Much Ado About Noising: Why Diffusion Policies Actually Work

robotics

diffusion-policy

imitation-learning

research-deep-dive

Author

Hujie Wang

Published

January 31, 2026

Diffusion Policy achieved a 46.9% improvement over baselines. The explanation seemed obvious: diffusion models capture multimodal action distributions, so robots commit to one valid action instead of averaging conflicting options into nonsense.

Everyone built on this intuition. Papers cited multimodality as the key insight. Researchers designed increasingly sophisticated distribution-matching objectives. The narrative became dogma.

But a new paper just ran the experiments to test it — and the evidence doesn’t hold up. Diffusion’s success has almost nothing to do with multimodality.

Figure 1: The conventional wisdom (left): diffusion policies succeed through distributional learning (C1). The actual finding (right): stochasticity (C2) + iterative computation (C3) are sufficient — distribution matching contributes almost nothing. Figure from Pan et al.\(^{[1]}\)

TL;DR

A comprehensive study across 28 benchmarks challenges why diffusion/flow policies work:

The myth: Diffusion captures multimodal action distributions
The reality: Two simpler components explain the gains — noise during training + iterative refinement
The proof: A two-step regression policy (MIP) matches flow performance with 4.5× fewer compute steps
The implication: You might be paying for complexity you don’t need

Paper Details

Much Ado About Noising: Dispelling the Myths of Generative Robotic Control\(^{[1]}\)

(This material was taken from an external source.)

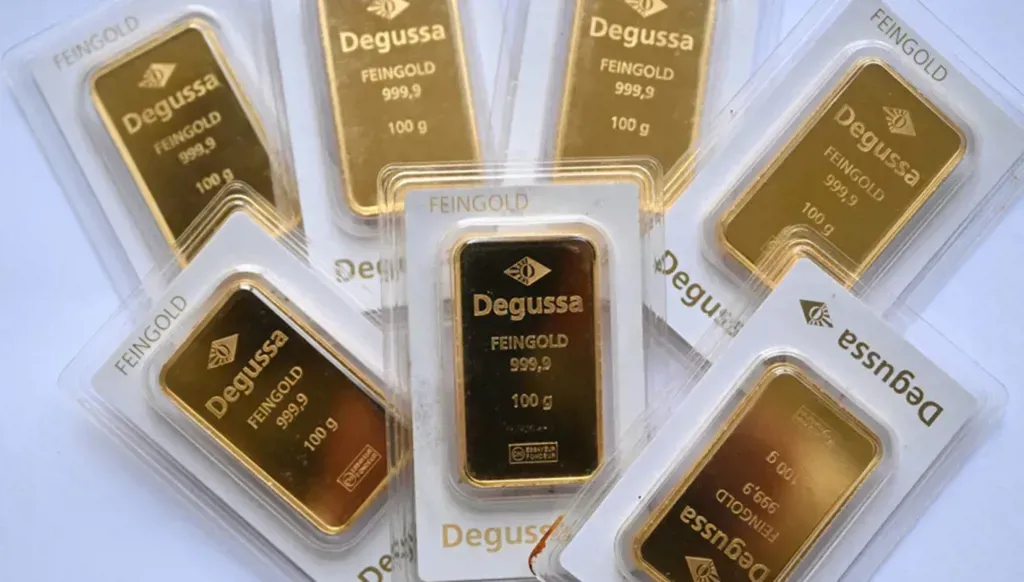 L'or baisse alors que le dollar se renforce ; Les prix du pétrole restent stables au milieu des tensions américano-iraniennes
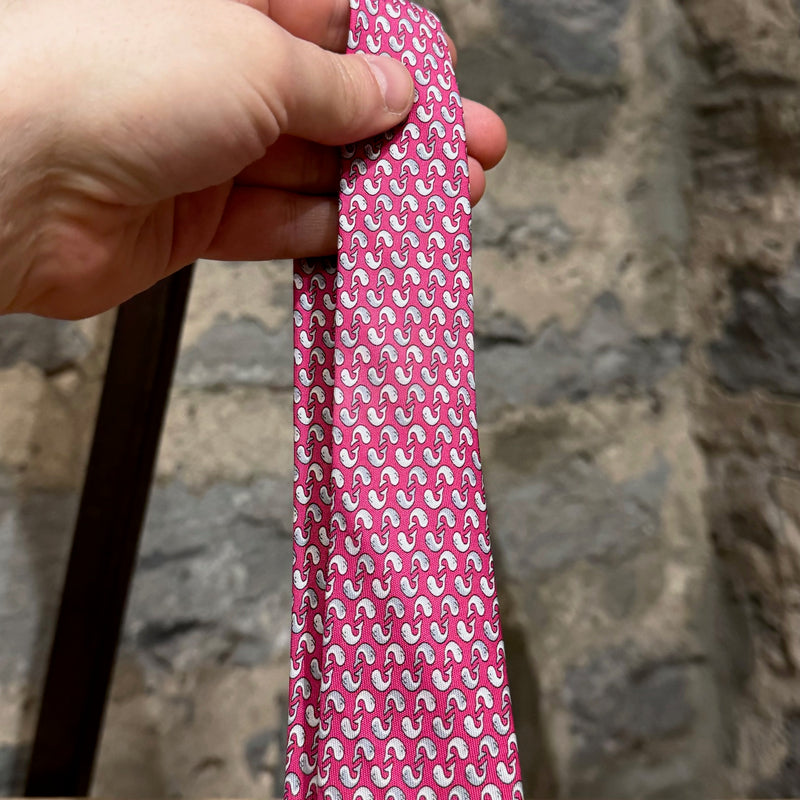 Cravate en soie rose imprimé baleines Hermès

Pan, Anantharaman, Huang, Jin, Pfrommer, Yuan, Permenter, Qu, Boffi, Shi, Simchowitz

CMU, MIT, Toyota Research Institute

arXiv:2512.01809 | Project Page | Code

Max Simchowitz and Guanya Shi are CMU faculty with ICML Best Paper awards; Nicholas Boffi leads CMU’s generative AI theory group.

The Conventional Wisdom

Before we can understand what the paper found, we need to establish what the field believed:

Myth 1: Multimodality — Diffusion policies work because they can represent multiple valid actions (go left OR go right) instead of averaging them (go straight into the wall).

Myth 2: Expressivity — Diffusion models can express more complex observation-to-action mappings than simple regression networks.

Myth 3: Distribution Matching — Learning the full action distribution \(p(a|o)\) is fundamentally better than just predicting the mean action.

These explanations felt intuitive. They matched our understanding of diffusion for image generation. And they guided years of follow-up research.

The problem? The evidence doesn’t support them.

The authors set out to test each myth with controlled experiments. Let’s examine their methodology before trusting the conclusions.

The Experimental Setup

This paper’s strength is its comprehensive experimental design.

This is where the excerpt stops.